Dem stehe die Kostenfestsetzung nach § 464b StPO gleich. Der Betroffene müsse sich das Verschulden des Verteidigers i.S.d. § 85 Abs. 2 ZPO im Kostenfestsetzungsverfahren nach § 464b StPO zurechnen lassen (Meyer-Goßner/Schmitt, StPO, 66. Aufl. 2024, § 44 Rn 19). In diesem Fall bestehe nicht das besondere Schutzbedürfnis, das allein die Ausnahme von dem Grundsatz des § 85 Abs. 2 ZPO für den sich verteidigenden Beschuldigten rechtfertige.
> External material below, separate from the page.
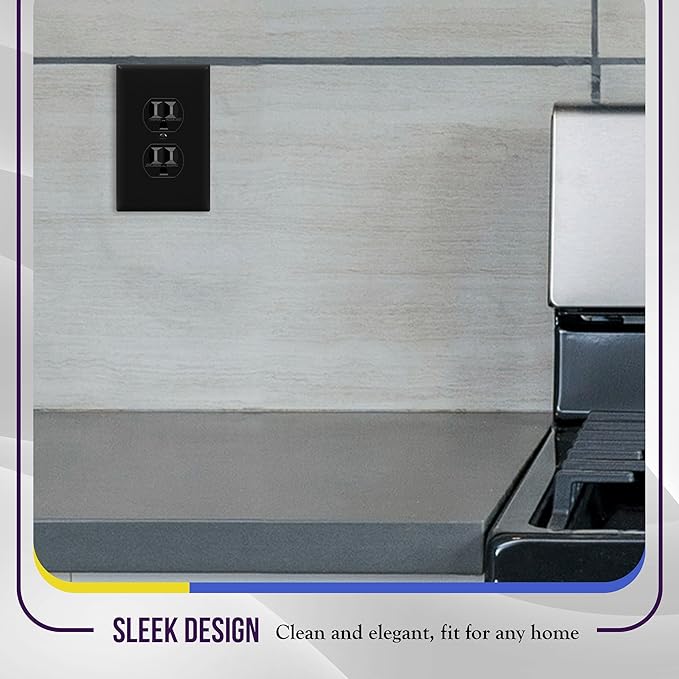 ENERLITES Mid-Size Duplex Receptacle Outlet Wall Plate, Electrical Outlet Covers Plates, Midway Size 1-Gang 4.88" x 3.11", Polycarbonate Thermoplastic, UL Listed, 8821M-BK-5PCS, Black (5 Pack)
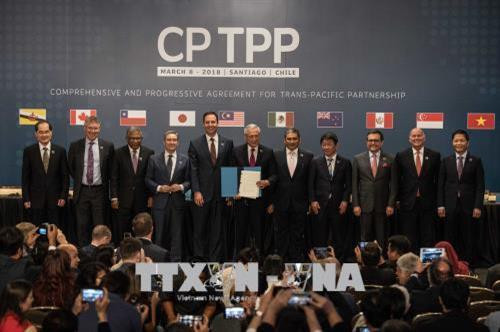 Đại diện các nước tại lễ ký thỏa thuận CPTPP ở Santiago, Chile ngày 8/3. Ảnh: AFP/TTXVN Đại diện các nước tại lễ ký thỏa thuận CPTPP ở Santiago, Chile ngày 8/3. Ảnh: AFP/TTXVN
III. Bedeutung für die Praxis
Eindeutiger Dateiname
Eine sorgfältig begründete Entscheidung, die m.E. auch zutreffend ist. Zwar ist der Einsatz des beA nach den Regelungen in § 32d StPO im Straf- bzw. Bußgeldverfahren ggf. nur fakultativ. Das bedeutet aber dann nicht, dass der Verteidiger, wenn er das beA nutzt, nicht an die vom BGH aufgestellten Regeln für eine sichere Übermittlung der Dokumente gebunden ist. Letztlich ist eine Rosinenpickerei nicht zulässig. Das gilt insbesondere auch deshalb, weil es m.E. nicht so schwierig ist, einem Dokument einen Dokumentennamen zu geben, der die Unterscheidung von anderen Dokumenten ermöglicht. Dafür ist sicherlich allein der Name des Mandanten nicht ausreichend. Aber Mandantenname und kurze Beschreibung des Inhalts des Dokuments sollte ausreichen, also z.B. „abcd-beschwerde-27-02-22“, um erkennen zu können, um welches Dokument es sich handelt. Die BRAK stellt zudem beA-Nutzern zum erleichterten Umgang über ihren frei zugänglichen Internetauftritt (vgl. https://portal.beasupport.de/neuigkeiten/nachweis-ueber-den-zugang-von-nachrichten-bei-gerichten-stellungnahme-der-brak) eine umfangreiche Anwenderhilfe und Support im Umgang mit der Nutzung des beA zur Verfügung, deren sich beA-Nutzer bedienen können, und informiert insbesondere zum Nachweis über den Zugang von Nachrichten bei Gerichten am Maßstab höchstrichterlicher Rechtsprechung praxis- und anwenderfreundlich. Es gilt sicherlich: Aller Anfang ist schwer, aber: Eine vernünftige Ausgangskontrolle sollte auch im eigenen Interesse erfolgen.